Love And Loss On A Wyoming Ranch
Book is a pure, tender and lyrical portrait of a ranching family.
December 27, 2011
Woody Creek, CO-based Joe Henry studied at the Iowa Writer's Workshop with John Irving, but then detoured from writing fiction to work as a rancher, becoming a successful lyricist along the way. Henry's ravishing first work of fiction, "Lime Creek," must have been inspired by the Western lifestyle he chose: It's filled with exquisite snapshots of life on a Wyoming ranch.
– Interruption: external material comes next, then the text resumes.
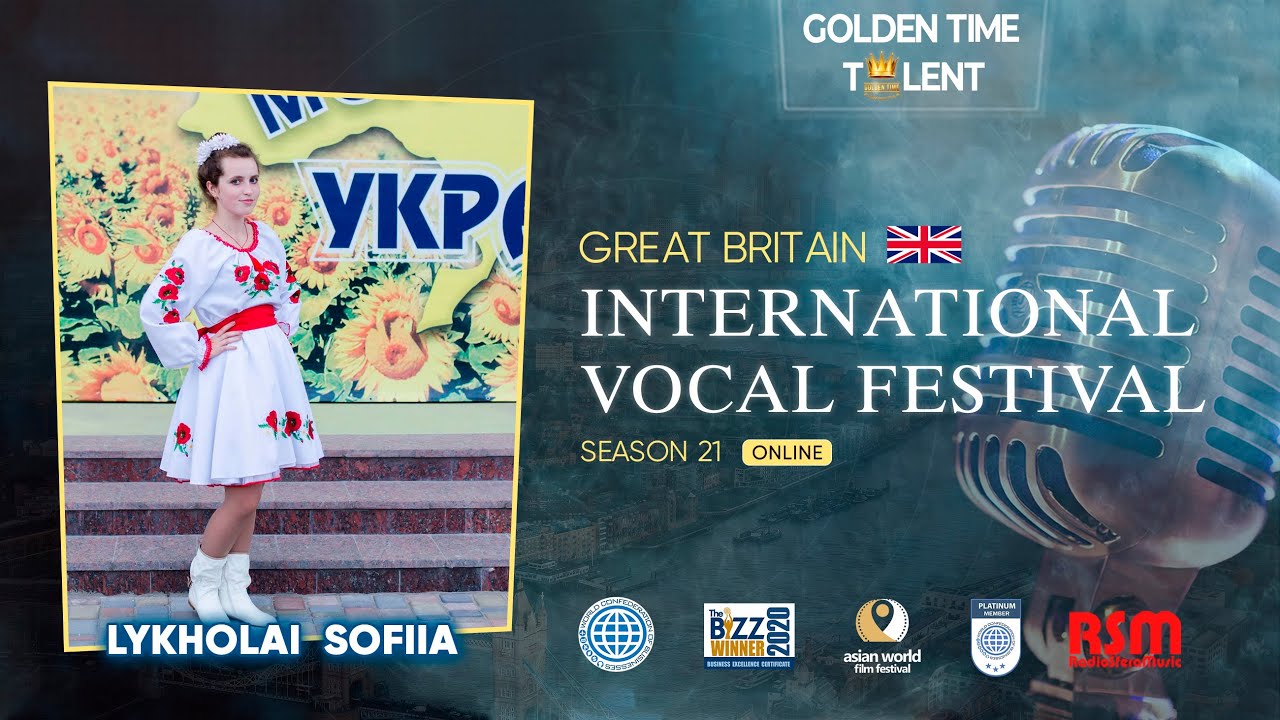 Golden Time Distant Festival | 21 Season | Lykholai Sofiia | GT21-1779-2253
The cadences of his prose are unusual and arresting as he tells the elemental story of the Davis family, beginning when father Spencer Davis -- "whose soul parties with the antelope smelling of sage and horselather and covered by the insubstantial globe of a great tumbleweed" -- meets his future wife Elizabeth on his family's ranch. She's there for the summer with her wealthy Connecticut parents, and after Spencer heads to Cambridge for college, they elope.
The rest of the book is set on the couple's own ranch near the Never Summer Mountains, where Spencer and Elizabeth raise horses and three boys, Lonny, Luke and Whitney. There is some typical Western-rancher emotional distance to the relationship between the boys and their father, but what's more evident is their abiding love.